_Work instructions_
Make an exact copy, without pictures, of the lines below from the one containing "5820 North Hamilton" to the last line, both ends included.

_The data_
★ ★ ★ ★

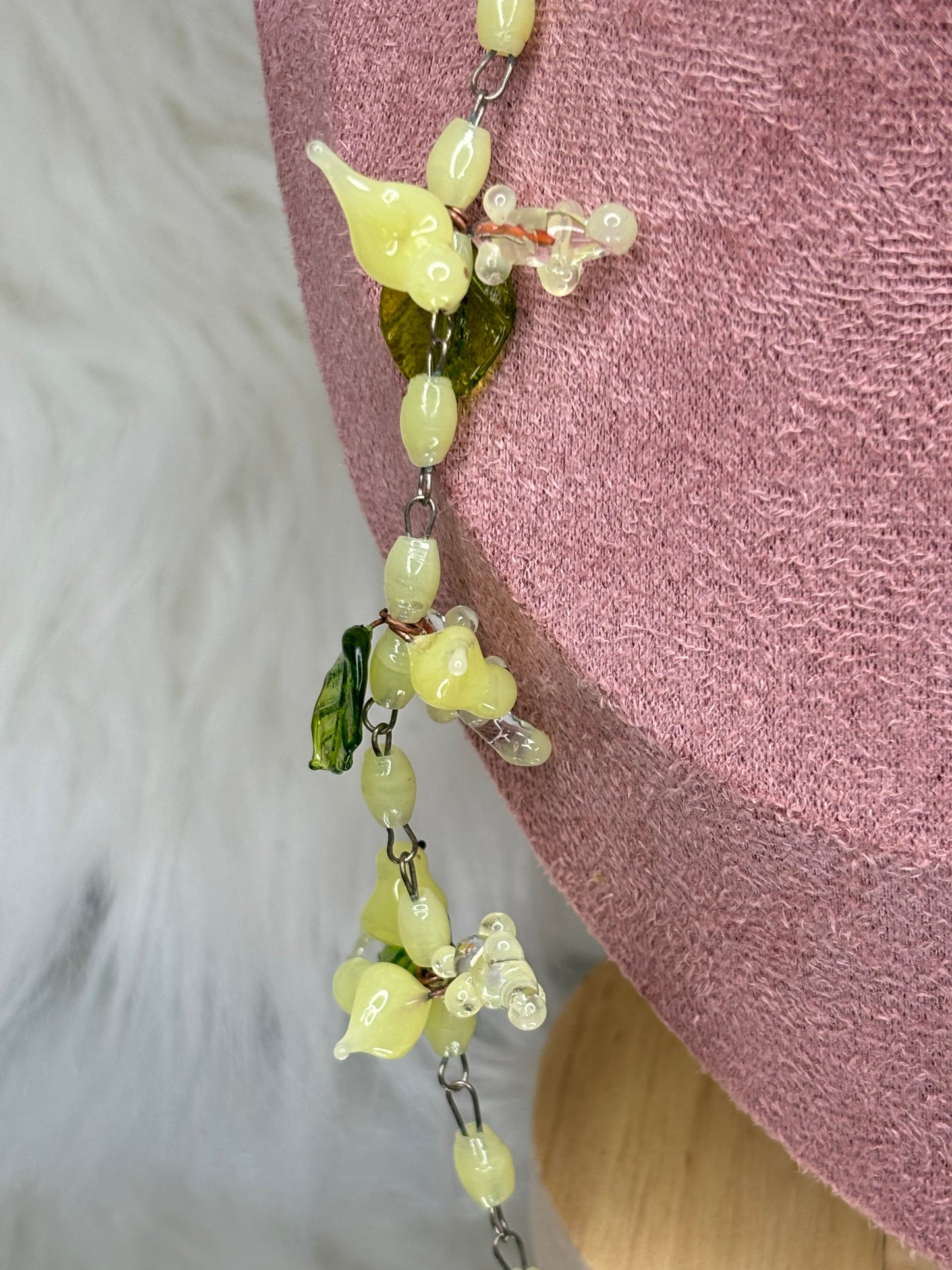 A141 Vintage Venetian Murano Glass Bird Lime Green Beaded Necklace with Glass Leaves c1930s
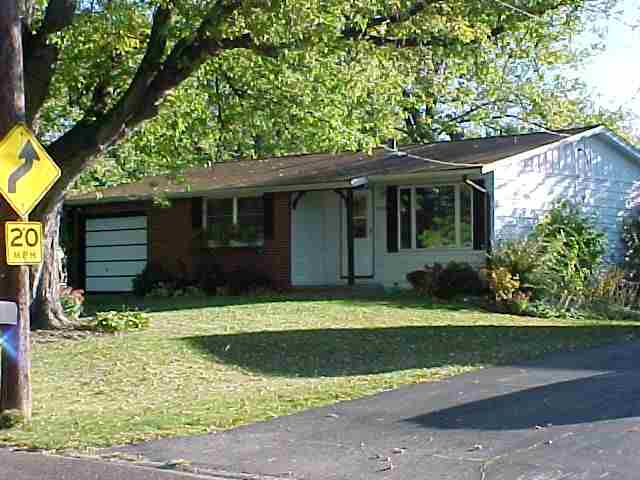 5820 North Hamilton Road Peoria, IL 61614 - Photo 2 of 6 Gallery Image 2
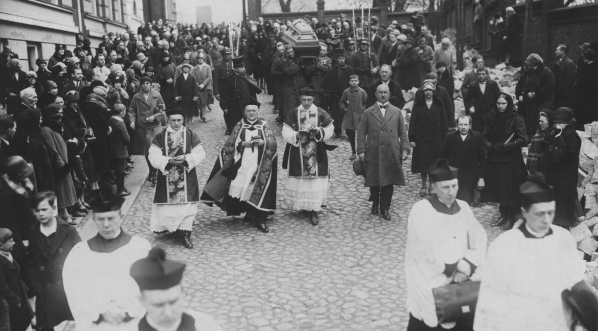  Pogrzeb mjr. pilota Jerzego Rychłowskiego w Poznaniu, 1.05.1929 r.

★ ★ ★ ★

_Answer box_
 5820 North Hamilton Road Peoria, IL 61614 - Photo 2 of 6 Gallery Image 2
  Pogrzeb mjr. pilota Jerzego Rychłowskiego w Poznaniu, 1.05.1929 r.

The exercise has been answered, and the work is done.